Jiro Dreams Of Sushi is one of those films that even for its shortcomings, it will have you calling the travel agent as soon as you’re out the door. If you enjoy raw fish, this will be your Casablanca, your cinematic mecca, the best thing to happen to you, ever.
Our protagonist is 85 year-old Jiro Ono, owner of Sukiyabashi Jiro, a ten-seater sushi restaurant located in a Tokyo Subway station. The first establishment of its kind to be awarded three Michelin stars, Jiro’s humble hole in the wall is in many ways the sushi equivalent of dining at Ferran Adria’s El Bulli, another film well documented recently in El Bulli, Cooking In Progress.

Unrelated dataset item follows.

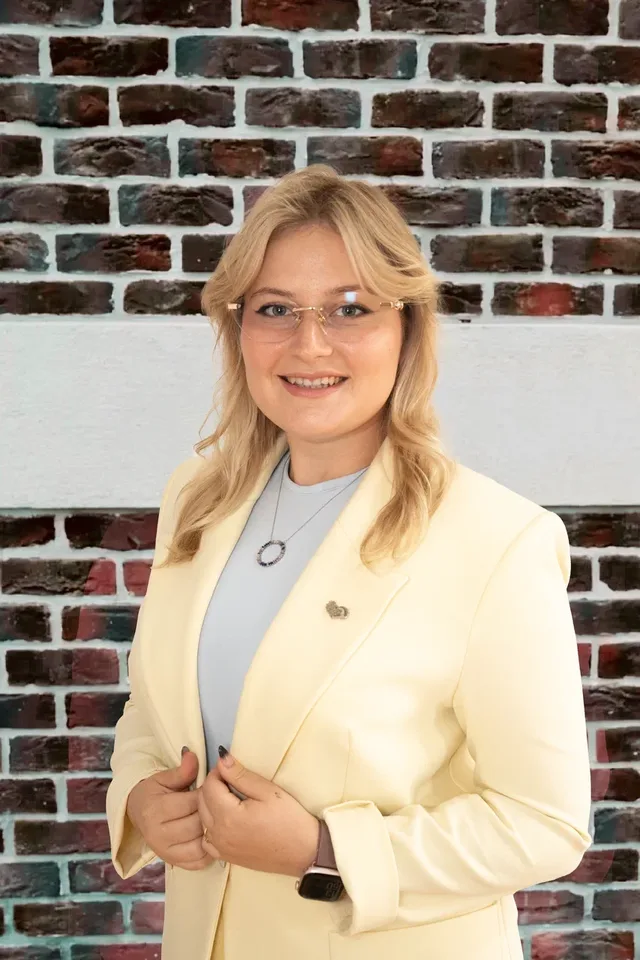 Анастасия Яхшибекова, учитель английского языка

This is the kind of place true sushi lovers book into month’s ahead. It’s unlike anything else in the world. For a lot of Westerners, the response may be slightly muted. It’s a film about an old dude and some fish. Japanese culture is one that develops an almost single minded passion for making art out of the mundane and this is what you see here. In the same fashion that the Japanese have made almost a religion out of serving tea, Jiro’s dedication to sushi is unswerving and an art unto itself. Anyone can have a California roll, but can you do this?
At just under an hour and a half, the film keeps the fat to the minimum. Legendary fish market, Tsukiji gets a look, as does the focus between Jiro and his son, whose entire culinary career will exist in the shadow of his father’s legacy. While not a perfect documentary, it’s enough to have any sushi fan on the next flight to Narita airport.